Portanto, a doutrina da inclusão se resume a isto, cada um de nós pode afirmar: Jesus Cristo morreu por mim; Ele achou que sou digno de Seu sangue. Ele me ama e pode fazer toda a diferença em minha vida. À medida que me arrependo, Sua graça me transformará. Sou um com Ele no convênio do evangelho; faço parte de Sua Igreja e de Seu parte; e faço parte de Sua causa para levar a redenção a todos os filhos de Deus.

Testifico que você faz parte da Igreja Dele. Em nome de Jesus Cristo, amém.

Notas

  1. Ver Apocalipse 5:9; ver também 1 Néfi 19:17; Mosias 15:28; Doutrina e Convênios 10:51; 77:8, 11.

  2. Ensinamentos dos Presidentes da Igreja: Joseph Smith, 2007, p. 194.

  3. Doutrina e Convênios 38:27.

  4. Um observador comentou:

    “A religião que é meramente um assunto privado tem sido, até nossos dias, desconhecida nos anais da humanidade — e por uma boa razão.

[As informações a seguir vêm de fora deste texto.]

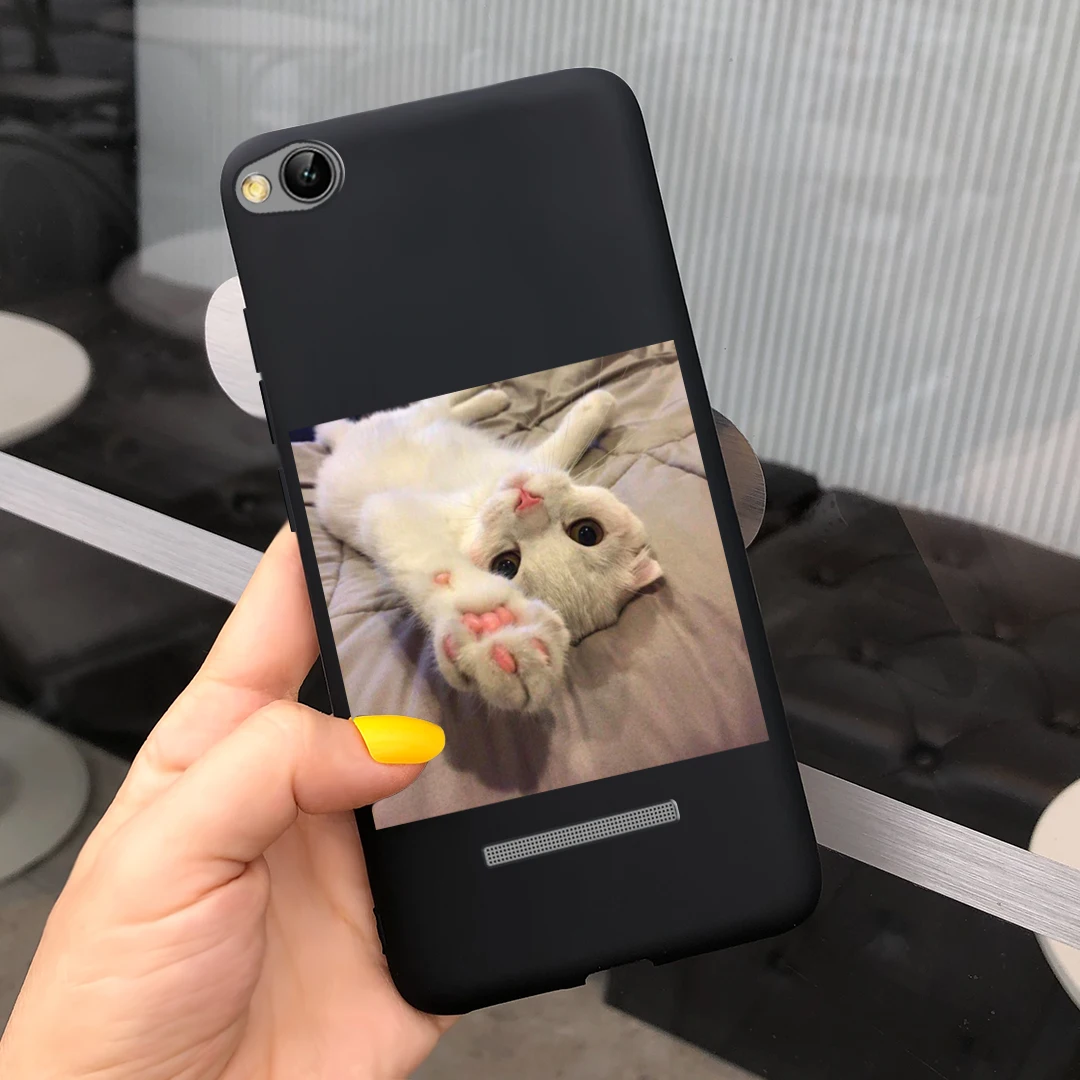 Lovely Cartoon Silicone Phone Case - Candy Color Soft Cover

Tal religião diminui rapidamente até se tornar um prazer interior, uma espécie de hobby de uma ou mais pessoas, como ler um livro ou assistir televisão. Portanto, não é surpreendente que a busca pela espiritualidade tenha se tornado algo tão na moda. É o que as pessoas, libertas da religião, procuram desesperadamente como um substituto.

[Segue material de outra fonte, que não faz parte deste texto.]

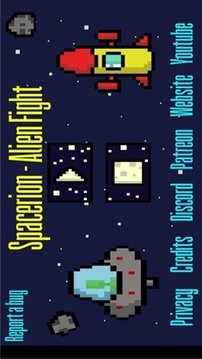 太空人外星人戰(zhàn)斗游戲截圖1
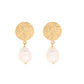 Pearl Petals Earrings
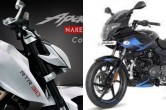 bajaj pulsar 220f, bajaj pulsar 220f 2023, bajaj pulsar 220f 2023 model on road price, TVS Apache RR 310, tvs apache rr 310 price, tvs apache rr 310 price in india, tvs apache rr 310 mileage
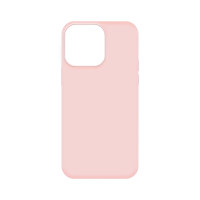 Olixar MagSafe Compatible Silicone Pastel Pink Case - For iPhone 14 Pro Max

    A espiritualidade é de fato uma parte integral de todas as religiões — mas uma parte menor, e não pode substituir o todo. A religião não é algum tipo de exercício psíquico que ocasionalmente oferece uma experiência transcendental. Ou ela molda a vida de alguém — toda a sua vida — ou desaparece, deixando para trás almas ansiosas e vazias que nenhuma psicoterapia pode alcançar. E para a religião moldar sua vida, ela precisa ser pública e comunitária; precisa estar conectada com os mortos e com os que ainda não nasceram” (Irving Kristol, “The Welfare State’s Spiritual Crisis”, Wall Street Journal, 3 de fevereiro de 1997, A14).

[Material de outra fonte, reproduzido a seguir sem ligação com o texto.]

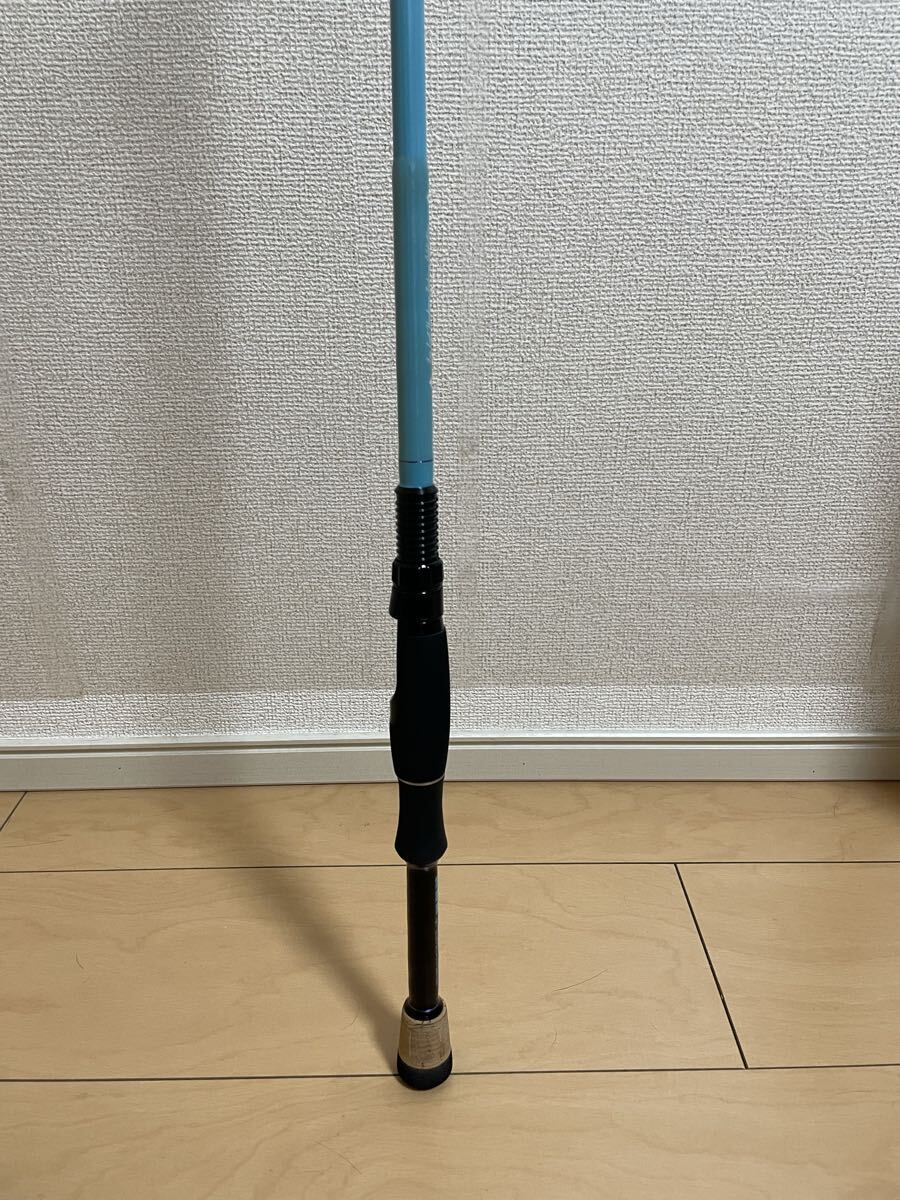 セディション NONONO スピンニングロッド ハンドメイド フルグラス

  5. 1 Coríntios 12:12–13, 25–26.

  6. Ver Russell M. Nelson, “Perfeição incompleta”, A Liahona, janeiro de 1996, p. 95; Jeffrey R. Holland, “Sede vós pois perfeitos — No final”, A Liahona, novembro de 2017, p. 40.

  7. 1 Samuel 16:7.

  8. Como expressou o élder Jeffrey R. Holland: “‘Venha como você é’, um Pai amoroso diz a cada um de nós, mas Ele acrescenta: ‘Não planeje ficar como você está’. Podemos sorrir e nos lembrar de que Deus está determinado a fazer de nós mais do que pensamos ser capazes”, (“Músicas cantadas e não cantadas,” Liahona, maio de 2017, p. 51).

  9. Jodi King, “Sentir-nos incluídos na Igreja pelo prisma da infertilidade”, Liahona, março de 2020, pp. 46, 48–49.

  10. Efésios 4:12–13.

  11. Lucas 14:21.

  12. Marcos 10:43, 45; grifo do autor.

  13. Rod Dreher, “A Christian Survival Guide for a Secular Age”, Deseret Magazine, abril de 2021, p. 68.

  14. Dreher, “A Christian Survival Guide for a Secular Age”, p. 68.

  15. Ver Doutrina e Convênios 84:19–22.

  16. Russell M. Nelson, “O convênio eterno”, Liahona, novembro de 2022, p. 6, 10.

  17. Efésios 4:13.

  18. João 16:33.

  19. Ver João 17:20-23. “E agora vos exorto a que busqueis esse Jesus sobre quem os profetas e apóstolos escreveram, a fim de que a graça de Deus, o Pai, e também do Senhor Jesus Cristo e do Espírito Santo, que dá testemunho deles, esteja e permaneça em vós eternamente”, (Éter 12:41).